Foi quando tocaram a campainha da porta. Berrei para a minha ex atender. Devia ser o Pingo. Ouvi vozes. De mulher. Então, ela entrou na cozinha com a vizinha de baixo, uma chilena chamada Nila, enquanto eu jogava água para todos os lados vestido apenas com a cueca de zebrinha. Claro, ninguém tem nada a ver com as cores de minhas cuecas, mas… Bem, já é estranho a vizinha de baixo de um edifício de escritórios nos ver de cuecas se não temos relação mais íntima, contudo é para lá de estranho que em nosso primeiro contato sejamos tão esclarecedores sobre nossas preferências. E, vocês sabem, sou um sujeito sério, erudito, metido a intelectual, não é legal que logo a pessoa mais fofoqueira do prédio me pegue em trajes tão significativos. Ela foi embora com inédita rapidez, sem mesmo dizer oi nem tchau, como se tivesse visto uma cena pornográfica ou uma barata verde-limão. Eu fiquei irritadíssimo. Como é que foi autorizada a entrada de estranhos durante meu trabalho?
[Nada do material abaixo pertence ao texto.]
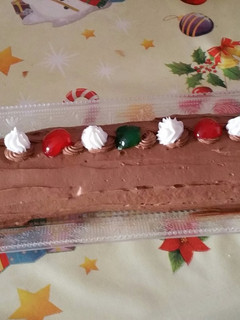 Una foto de Brazo de gitano relleno de trufa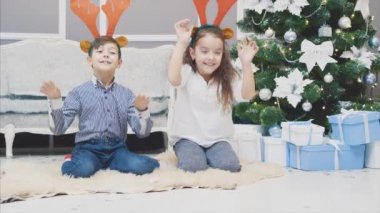 Noel geyiği boynuzu takan, önünde eğilen, gülümseyen ve komik görünen kardeşlerin komik videosu..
Como vingança pelo ato falho, tirei as cuecas e passei a mandar água para o ralo sem roupa nenhuma. Aí me veio a ideia de pegar um pau qualquer, fazer uma ponta levemente crescente nele, enrolá-lo num pano e depois metê-lo no cano. A raiva nos faz pensar, viram? E não é que o jato estancou? Pude então ir mais longe do que a cozinha e empurrar a água que estava no resto do escritório para os ralos. Mais suor e mais sucesso. Então, minha querida ex-esposa, ela de novo, que fora fazer relações públicas pelo prédio a fim de não brigar comigo, entrou na sala com outra vizinha, esta muito mais respeitável, a D. Rose. As duas puderam avaliar minha genitália, mas creio que viram melhor o traseiro, tal a velocidade com que retornei à cozinha.
Depois, o Pingo chegou e arrumou tudo, rindo de nossas histórias. Levamos o Pingo em casa e acabamos no cinema. Eu com minha roupa inteiramente seca, ela toda molhada. Fiquei preocupadíssimo.